When it neared my normal lunchtime, I pulled out my own sandwich and munched half of it slowly as I tried to read. That's about when we entered the low country. Somewhere between St. Stephen and Charleston the tracks lost their level. The train car tipped sideways a few degrees and I found myself gazing into swamp water as we crossed a trestle. Clinging to the seat in front of me for dear life I glanced at my seat-mate with a nervous question on my face, but the business-suited gentleman wasn't fazed in the least. "Don't worry, this doesn't last long," he reassured me with a smile. One of the old-hat bunch, he was very familiar with this section of the line. He was right, within a minute or two we were as upright as ever and I tried to relax.

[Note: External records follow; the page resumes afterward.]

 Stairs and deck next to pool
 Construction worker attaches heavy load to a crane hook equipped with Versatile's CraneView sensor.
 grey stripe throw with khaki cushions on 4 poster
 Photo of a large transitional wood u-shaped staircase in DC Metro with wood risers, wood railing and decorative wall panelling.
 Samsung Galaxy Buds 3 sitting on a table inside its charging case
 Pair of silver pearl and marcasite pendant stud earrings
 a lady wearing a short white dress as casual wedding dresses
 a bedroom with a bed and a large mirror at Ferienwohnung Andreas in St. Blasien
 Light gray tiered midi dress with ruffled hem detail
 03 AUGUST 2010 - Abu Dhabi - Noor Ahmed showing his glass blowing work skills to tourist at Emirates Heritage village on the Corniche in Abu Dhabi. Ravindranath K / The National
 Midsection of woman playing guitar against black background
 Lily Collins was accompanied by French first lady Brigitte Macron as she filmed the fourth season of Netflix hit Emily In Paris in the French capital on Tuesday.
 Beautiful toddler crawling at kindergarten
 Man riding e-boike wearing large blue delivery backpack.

When we arrived in Savannah I had to change trains, obviously. I didn't want to wind up in Jacksonville. Exiting the compartment I got up the nerve to ask the conductor if my return trip to Florence had to be on a local too. "Check inside" was all he said, so I did. To my considerable relief my north-bound train made stops only in Charleston and Florence before heading on to other points. It was an uneventful ride. I took the low-country sideways section calmly, as if it was no big deal for an entire train to cross a swamp tilted on its side.

To this day I can't tell you what the reaction was from my family when I arrived home that evening. I doubt if the pile of paper at work was reduced any but my attitude was certainly improved. Whenever anybody added to my stress level, I just hummed my little click-click song, tuned them out and wondered where else the train went to and back in a day.